Azure AD tokens and Windows token binding

This blog post is an attempt to capture and share a variety of information that is not well-documented by Microsoft, spanning the two topics in the subject line.

I feel these topics are pretty critical to understanding the fundamentals of modern Azure AD and Windows security, and invaluable for troubleshooting. I do not consider myself an expert on these topics, and certainly not on the protocols via which one might get a token. But I’ve run into these topics enough to recognize there is a big gap in understanding and documentation, so this is my attempt to fill that gap.

First, here’s a table I created for a presentation in April 2018 for the Microsoft Technology community of practice at the UW.

1 Revocation is a complex topic; don’t rely on this too much w/o a deeper understanding.

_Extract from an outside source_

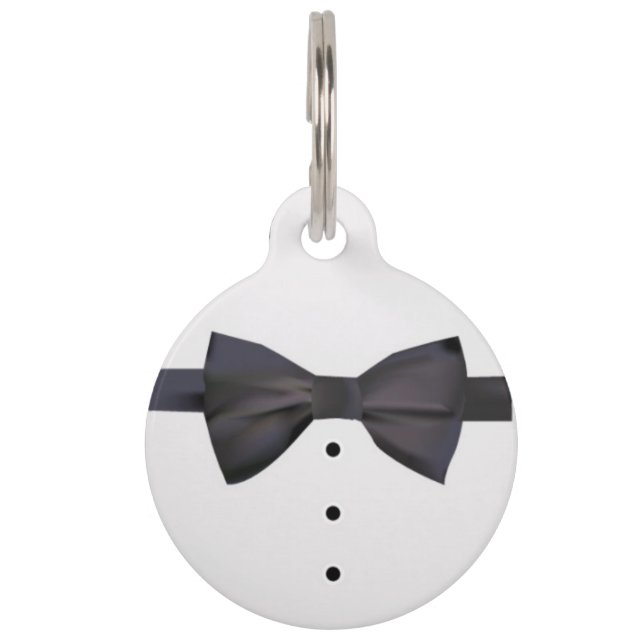 Tuxedo Pet ID Tag (Front)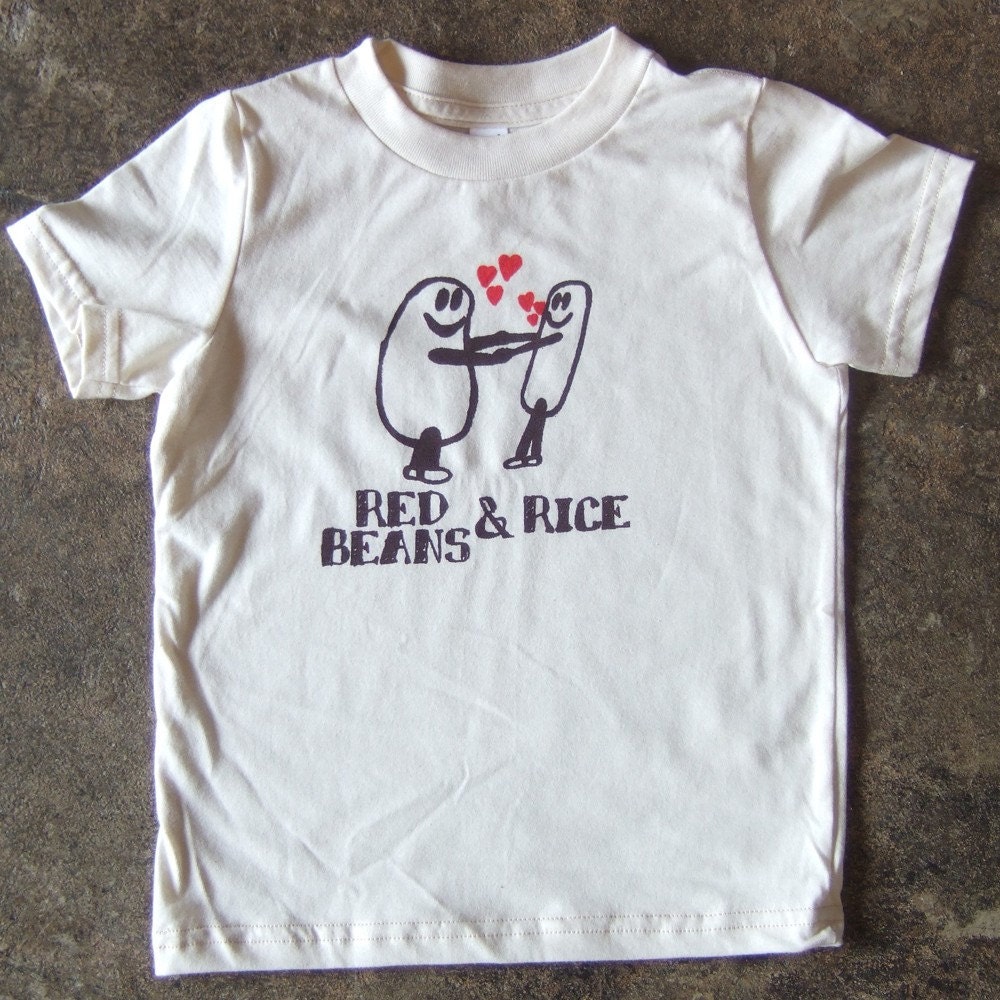 Organic Red Beans and Rice American Apparel Natural Kid's T-Shirt - Sustainable Edition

These are the different types of Azure AD tokens that Microsoft has described in a variety of sources, along with a brief description of what they are good for, and the restrictions associated with each. Some references for this table are:

  • https://docs.microsoft.com/en-us/azure/active-directory/active-directory-configurable-token-lifetimes
  • https://jairocadena.com/2016/11/08/how-sso-works-in-windows-10-devices/
  • https://blogs.technet.microsoft.com/educloud/2017/06/14/how-to-kill-an-active-user-session-in-office-365/

Some key things to understand:

  1. Most users are now familiar with the “Keep Me Signed In” (KMSI) setting. The KMSI dialog only governs the browser cookie, in other words, when you choose no, that means the cookie is browser session bound. And when you choose yes, that cookie persists across browser sessions. I’m saying browser cookie, but as you see in the table that is synonymous with SSO token. And yes, Microsoft sprinkles use of both when talking about its tokens. So KMSI only governs the SSO token or browser cookie.
  2. Many of the AAD tokens have long lifetimes. You can read more about that at the first URL reference above.
  3. Browsers are not the only software managing your Azure AD tokens, e.g.
    1. if on iOS, the app you are using might manage the token, unless you’ve installed MS Authenticator, in which case, it manages AAD tokens
    2. if on Windows, it depends on the OS & Office version. And yes, this is one of the places where Microsoft has down a really poor job documenting or explaining. I might be able to share a few more details here, but it is complicated and I have incomplete details, so I fear that won’t be useful.
    3. if your AAD tokens are federated, then you’ve got upstream tokens. For example, at the UW, we federate our AAD to ADFS, which in turn is federated to Shibboleth. So there are multiple upstream tokens, and each of those tokens may be managed by something other than the browser, and may affect my AAD tokens.
  4. Getting rid of a cached AAD token is a problem. You need to know the specific client details & the recipe for that specific scenario. This is deeply entwined with #3.
    1. At the UW, in early 2018, we moved from ADFS 2 to ADFS 4. During that, we had a broad “Outlook” incident, where there were quite a few instances of corrupt cached AAD tokens that had to be manually deleted to enable users to use Outlook to connect to Exchange Online. In most cases, getting rid of those cached tokens was accomplished via the Windows credential manager.
  5. Apps have to actually enforce token lifetime. And many do not. So don’t necessarily trust the lifetimes to be solid.
  6. How token binding works is complicated. I don’t know how it works on non-Windows platforms. But this Twitter thread has some good details on the Windows platform token binding. Some key takeaways from that thread:
    1. The obvious: with token binding, you can’t do lateral movement–the token is only good on the computer it is on.
    2. You can further protect the token with Windows 10’s Key Guard, a hypervisor key isolation service
    3. Edge, IE, and the HTTP stack on Windows 10 all support token binding
    4. There are downsides to token binding: No 0-RTT, you can’t share tokens :), and proxies might break/strip your access.
    5. In the near-future, you can add FIDO as an additional layer of protection, which gives you a portable hardware token you can bind your AAD token to, in addition to the client computer binding.
  7. AAD token revocation is complicated.
    1. The ability to revoke is limited to specific AAD roles and you must use one of two PowerShell cmdlets to do it.
    2. Disabling the AAD user is usually a good idea in combination with revocation. If you don’t want the user to remain disabled, then have some process where the user must call into your service desk to get out of that state. You’ll need to design your approach based on the common use cases behind why you need to revoke.
    3. Revocation will be ineffective in some scenarios–in particular when a PRT is in play–and a PRT can only be in play if you have Azure AD domain joined devices. To make a PRT unusable, you have to disable or delete the AAD device. No amount of revocations will affect it. Of course, you could just disable the AAD account and then that PRT can’t be used to get new tokens.
    4. Conditional access is another way to prevent an issued token from being useful. It might be used in situations where you want to block access to some/most apps, but still need to allow access to a few.